Famous Freemason: Nat King Cole's "Unforgettable" Escape

Brother Nat King Cole
Thomas Waller Lodge No. 49, California
There had been rumors that there might be trouble, but Nat King Cole refused to cancel the performance. Two shows were planned in Birmingham, Alabama—one for whites and one for blacks. There had been rumors of trouble in the past—it was something he had learned to live with when he toured. There were rumors that Ku Klux Klan planned to grab him during the show. Nobody knows what they planned to do with him once they had him, but the kinds of atrocities that were being done to blacks in Alabama during the 50s were well known. The police were there, guarding the stage, but nobody actually believed even the Ku Klux Klan would be so bold as to try to kidnap a famous performer off the stage during a show.

The orchestra had just begun playing the introduction of Cole’s second song during the first show when a coyote howl rang out in the theater—the signal for the attack. Five men rushed up the aisles of the theater. “Here they come,” someone shouted. People began screaming. The police, thinking any attack would come from the wings of the stage, were unprepared for an attack from the audience.

Nat King Cole didn’t know what was happening. The lights were in his face as he sang. Suddenly, somebody came out of the darkness and grabbed for him. He stumbled backwards, falling over and breaking the piano bench.

The police rushed out from the wings, cracking one of the assailants in the head with a nightstick, and wrestling another off of Nat King Cole. Very quickly, the police apprehended the five men. Fortunately, not all 150 members of the Klan who were supposed to show up at the performance had—it could have ended very differently. The singer got up, limping badly on his ankle and nursing a swollen lip, and left the stage.

The audience felt bad about what had happened, and they began to applaud and call his name. After more than five minutes, Cole returned to the stage to say a few words. They wanted him to continue the show, but Cole had been injured during the brawl, and cancelled the show. Cole and his group returned to the hotel, but they knew they were in danger as long as they remained in Birmingham—they needed to get out of Alabama fast. Little did they know they had a friend who had quickly heard about what had happened, and had begun making calls—a friend with certain connections.

Years later, Nat King Cole and his Birmingham travel agent
possibly talking about who was the best singer???
.
Cole’s wife, two thousand miles a way, had no idea what had happened in Alabama when her phone rang in Los Angeles. The man on the other end told her what had happened, told her that her husband was fine. Of course she knew who the man was—everyone in American did. And how he learned about the incident so quickly isn’t hard to imagine considering some of the friends he had—they did call him “the chairman of the board” after all. She had to know as long as her husband remained in Birmingham, he was still in danger, but Frank Sinatra reassured her by saying, “Don’t worry, honey, we’ll get them out of there.” She may have known whom he meant when he said “we.” Some of Sinatra’s friends were people like Carlo and Joe Gambino, Jimmy Fratianno, Salvatore Spatola, and Albert “the Executioner” Anastasia.

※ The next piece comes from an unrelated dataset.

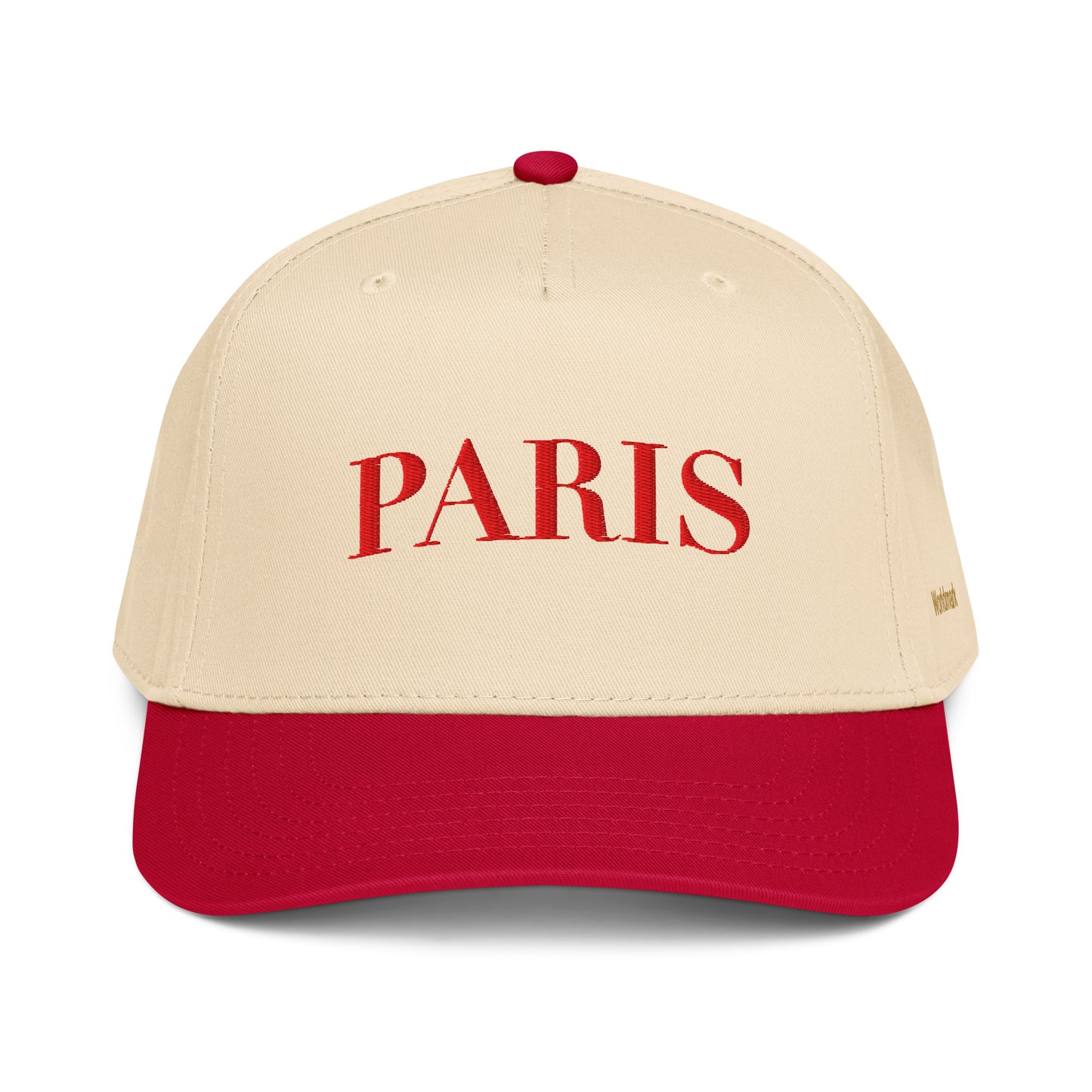 Two-tone cream and red Paris embroidered cap featuring minimalist serif typography and gold Worldmark logo — French chic style.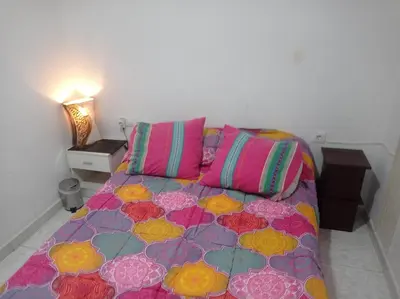 a bedroom with a bed with colorful sheets and pillows at Valencia 2 en piso familiar compartido in Valencia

Wherever that first plane out of Birmingham was scheduled to go the following morning is not where it wound up going. The plane was rerouted and took Nat King Cole and his musicians out of danger. The musicians landed safely in Chicago.

And Frank may have had a little help with commandeering that plane out of Birmingham—from then vice-President Richard Nixon.

Brother Nat King Cole was a member of Thomas Waller Lodge No. 49, PHA, Los Angeles, California. He joined in 1938. The lodge was founded by a group of African-American musicians who were members of Musicians Local 767, and Cole joined with his friend and drummer Lee Young. Nat King Cole remained faithful to Masonic principles his whole life—he saw himself as a builder of musical architecture, but he built more than music. His music helped to bring people and races together.

Neither Frank Sinatra nor Richard Nixon were Freemasons.

I told this story in Famous American Freemasons: Volume II, and I like it for several reasons. It reminds us that not-so-many years ago, America was a very different place, and while we still have work to do, we have come a very long way. It’s also a reminder of those brave African-American men and women who challenged the barriers, and put themselves at tremendous risk in the process in their struggles for equality. And finally, that even back in those days of overt racism and discrimination, there were those with skin just as white as mine, that saw the injustices being done, and helped to do something about it. I’m going to spend a little time this month, Black History Month, sharing a few stories about remarkable Freemasons like Nat King Cole.